3.Search for and locate the appropriate status by selecting the Description or SNOMED option in the drop-down list and then entering information into the Search field. Descriptions display in alphabetical order.

 

4.Double-click the desired impairment or disability (or select the desired impairment or disability and select Insert). The Functional/Cognitive Status Maintenance screen is displayed, and the Description, SNOMED code, Entered Date (current date), and Type are populated based on the item selected.

 

maint.screen

Functional/Cognitive Status Maintenance

 

5.Enter the Onset Date or select from the calendar.

 

6.In the Status field, select Active, Inactive, or Removed from the available drop-down.

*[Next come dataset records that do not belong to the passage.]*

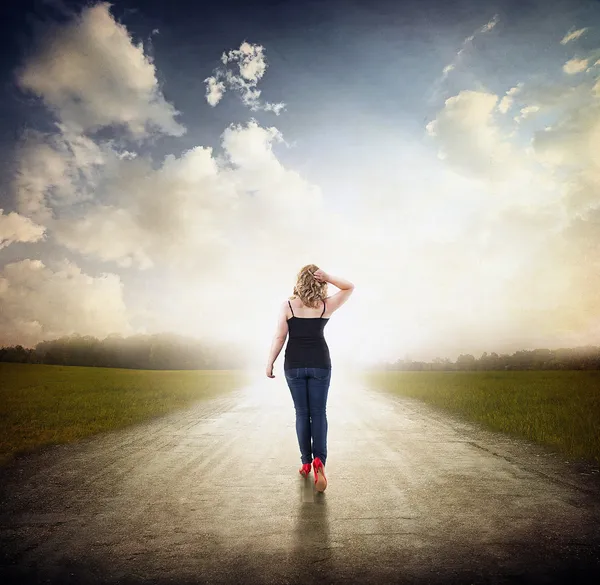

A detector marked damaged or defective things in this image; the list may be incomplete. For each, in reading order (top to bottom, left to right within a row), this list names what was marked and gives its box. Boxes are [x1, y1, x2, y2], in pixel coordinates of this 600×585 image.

cracked asphalt [1, 372, 600, 580]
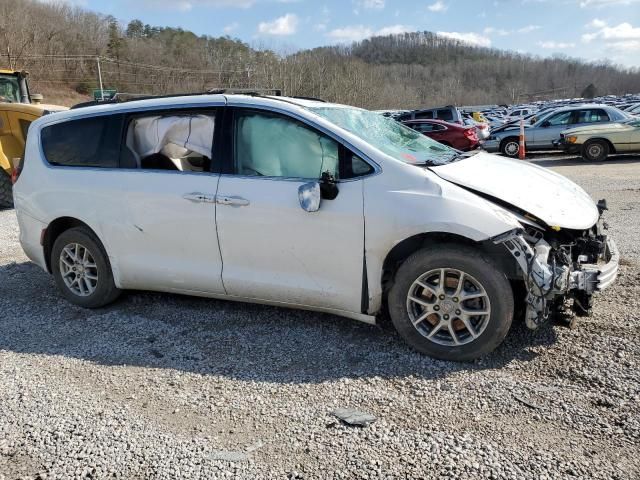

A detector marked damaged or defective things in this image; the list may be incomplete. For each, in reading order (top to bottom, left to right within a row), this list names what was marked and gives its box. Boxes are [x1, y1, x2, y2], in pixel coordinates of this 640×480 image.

shattered windshield [0, 74, 20, 103]
shattered windshield [308, 106, 456, 166]
damaged white minivan [12, 94, 616, 360]
crushed front end [492, 200, 616, 330]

See To Remove Functional/Cognitive Status Items for additional details.

 

7.Select Update.

 

NOTE: If information is not saved, the system will prompt, "Are you sure you wish to exit without saving?"

 

 

To Edit Functional/Cognitive Status Items

1.Go to the Health History Review screen and select List View format.

 

2.Double-click the item to display the Functional/Cognitive Status Maintenance screen (or highlight the desired entry and select Edit).

 

3.Make the desired edits.

 

4.Select Update to save.

 

 

To Remove Functional/Cognitive Status Items

1.To remove a Functional/Cognitive Status item, go to the Health History Review screen and select List View format.

 

2.Double-click the item to display the Functional/Cognitive Status Maintenance screen (or, highlight the desired entry and select Edit).

 

3.In the Status field, select Removed. The Reason Removed field is enabled.

 

4.In the Reason Removed field, document the reason for removal (up to 50 characters).

 

5.Select Update to save the changes.